Below is a set of records, and all of them should be retyped exactly, minus the pictures.

_SOURCE DATA_:
--*--

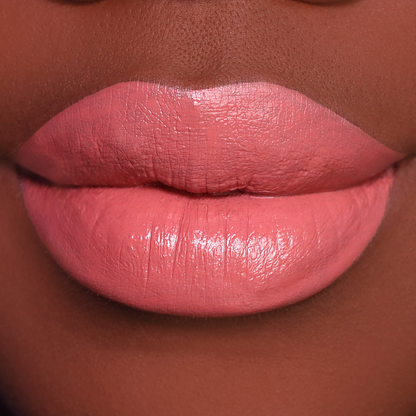 Just Enough peachy coral lipstick on lips, medium-deep skin tone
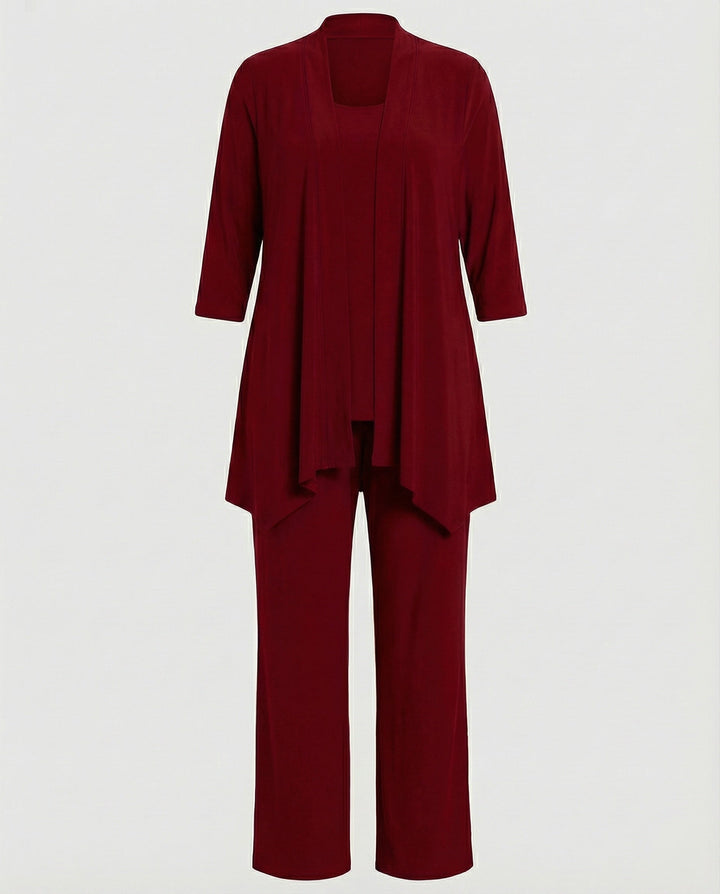 Sophisticated women's three-piece ensemble: a sleek vest, professional blazer, and comfortable tailored pants.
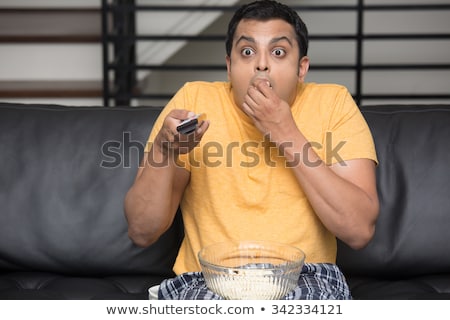 Foto d'archivio: Closeup Portrait Of Young Man Sitting On Sofa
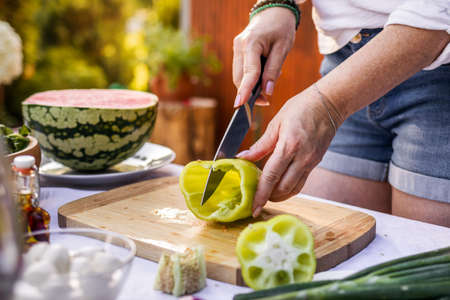 Cutting green bell peppers by kitchen knife. Woman cooking vegetable salad on table outdoors. Preparing healthy foodの写真素材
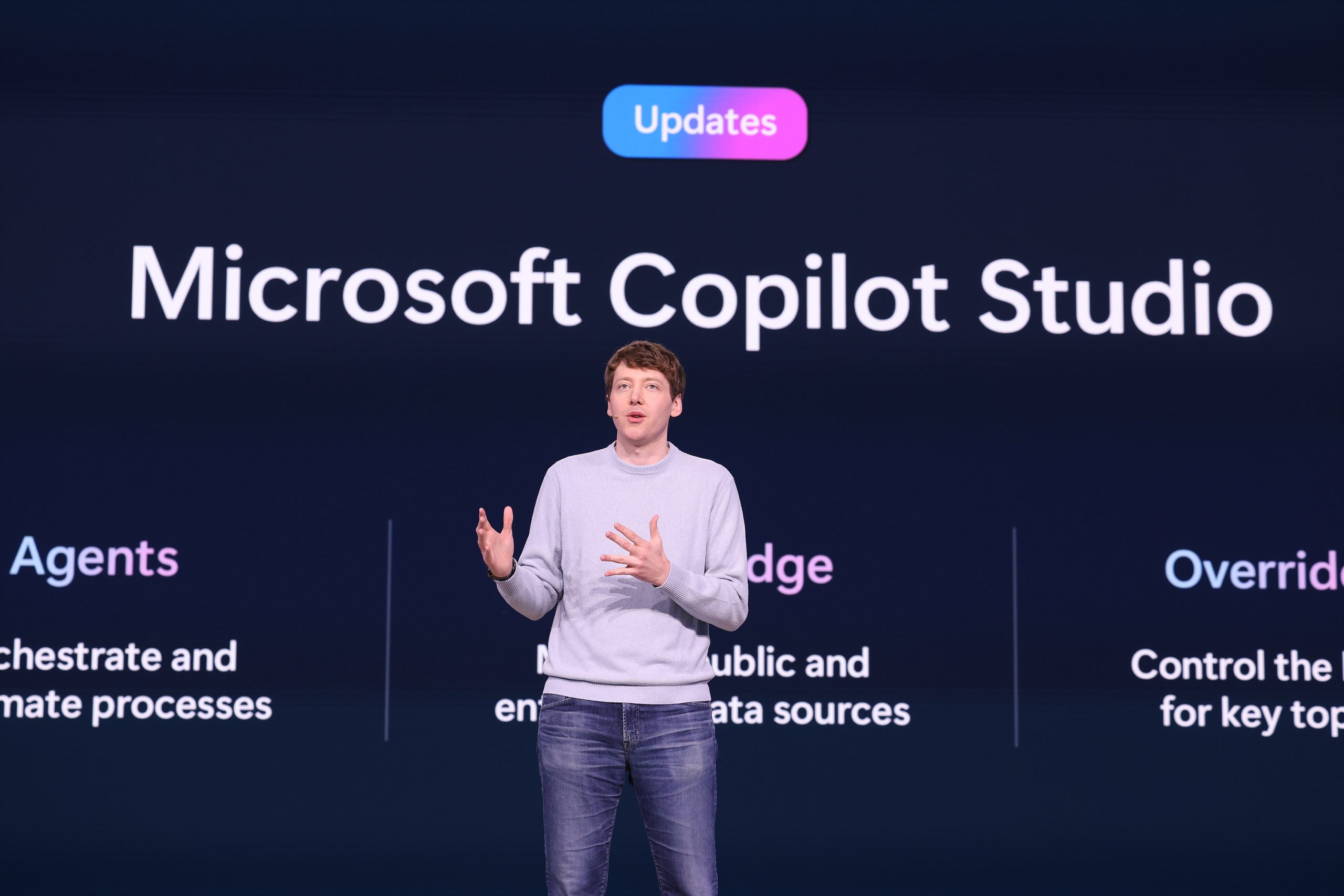 A man standing on stage speaking to an audience and gesturing with his hands, with text on the screen behind him about Microsoft Copilot Studio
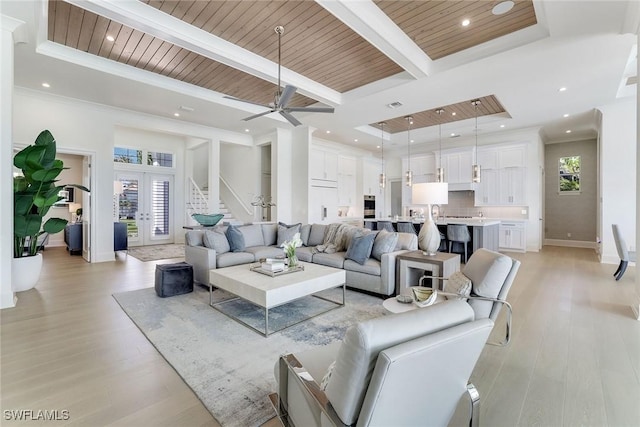 1761 Ludlow Rd, Marco Island, FL 34145 - living room with light wood-style flooring, baseboards, french doors, wood ceiling with exposed beams, and a ceiling fan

--*--

_OUTPUT BELOW_:
 Just Enough peachy coral lipstick on lips, medium-deep skin tone
 Sophisticated women's three-piece ensemble: a sleek vest, professional blazer, and comfortable tailored pants.
 Foto d'archivio: Closeup Portrait Of Young Man Sitting On Sofa
 Cutting green bell peppers by kitchen knife. Woman cooking vegetable salad on table outdoors. Preparing healthy foodの写真素材
 A man standing on stage speaking to an audience and gesturing with his hands, with text on the screen behind him about Microsoft Copilot Studio
 1761 Ludlow Rd, Marco Island, FL 34145 - living room with light wood-style flooring, baseboards, french doors, wood ceiling with exposed beams, and a ceiling fan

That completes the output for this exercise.